Forum Discussion
Network Monitoring
When you apply Network Security Groups (NSGs) on Virtual Networks or NICs, you are essentially defining the allowed and denied traffic based on rules. Once these rules are in place and an application suddenly stops working, it's often due to a blocked port or protocol — just as you've guessed. Your main goal here is to identify which port the application is trying to use and whether the NSG is blocking it.
To monitor or record the network traffic specifically in relation to NSG activity, the most accurate tool is NSG Flow Logs, which you've already enabled. These logs capture both allowed and denied flows, and they log 5-tuple information: source IP, destination IP, source port, destination port, and protocol, along with whether the traffic was allowed or denied. However, NSG flow logs are not real-time; the log data is written in intervals (typically every 10 to 15 minutes), so there is a small delay.
You’ve correctly pointed out that “IP flow verify” is useful only when you already know the port and want to test whether the current NSG rules would allow that communication. It’s a great what-if tool, but not suited for live diagnosis when the port or traffic specifics are unknown.
Regarding Traffic Analytics, you're also right — it is not suitable for the use case you described. It’s built to provide aggregated insights, trends, and top talkers rather than real-time or per-flow diagnostics. It cannot help when troubleshooting why a specific application is being blocked, especially if you're trying to discover the port in use.
Since your challenge is:
You don’t yet know what port the application is using.
You suspect NSG is blocking it.
You want to log and trace this traffic.
Here’s the practical, detailed path forward:
The most accurate way to discover the actual port being used is to use packet capture via Network Watcher on the NIC of the VM where the application is running. This will show you live traffic that the VM is trying to send or receive, including the destination IP, source/destination ports, and protocol.
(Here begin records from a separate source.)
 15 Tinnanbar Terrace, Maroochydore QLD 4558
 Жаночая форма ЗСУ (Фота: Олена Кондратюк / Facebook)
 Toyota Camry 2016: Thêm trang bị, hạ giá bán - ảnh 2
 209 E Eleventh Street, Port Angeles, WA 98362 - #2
Once you capture that, you’ll know exactly what port the application is using.
Once you know the port, you can go back and query NSG Flow Logs using Log Analytics if you’ve linked the flow logs to a workspace. Use Kusto Query Language (KQL) to filter traffic involving the identified IP and port and look for flows marked as “D” (denied). This confirms whether the NSG is the one blocking it.
To sum it up:
Use Packet Capture to determine which port the application is using.
Use NSG Flow Logs (queried via Log Analytics) to confirm whether that traffic is being denied by NSG.
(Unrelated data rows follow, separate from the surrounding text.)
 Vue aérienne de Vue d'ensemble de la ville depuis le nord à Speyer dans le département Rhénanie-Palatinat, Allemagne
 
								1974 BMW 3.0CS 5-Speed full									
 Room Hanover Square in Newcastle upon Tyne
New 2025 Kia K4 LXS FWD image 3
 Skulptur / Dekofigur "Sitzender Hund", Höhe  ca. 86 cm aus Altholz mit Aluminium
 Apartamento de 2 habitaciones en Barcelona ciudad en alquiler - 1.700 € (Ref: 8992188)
Update the NSG rule once confirmed.
If you want more real-time diagnostics, NSG flow logs do not offer second-by-second monitoring. But packet capture is near real-time, and that’s what makes it the ideal tool for the scenario where you do not yet know what port is in use.
So in short, you are on the right path with NSG flow logs, but you’ll need to pair it with packet capture to identify unknown ports. Flow logs will confirm if NSG blocked it. Traffic Analytics isn’t wrong, but it’s not fit for real-time troubleshooting at the individual flow level.
- Alvin57Mar 25, 2025Copper Contributor
Thank you for the response, I will soon try Packet Capture but the NSG Flow Flogs will soon be deprecated, Microsoft recommends to switch to Vnet Flow Logs. I've already configured it but still do not know how really it works... Can someone explain it to me how to use it?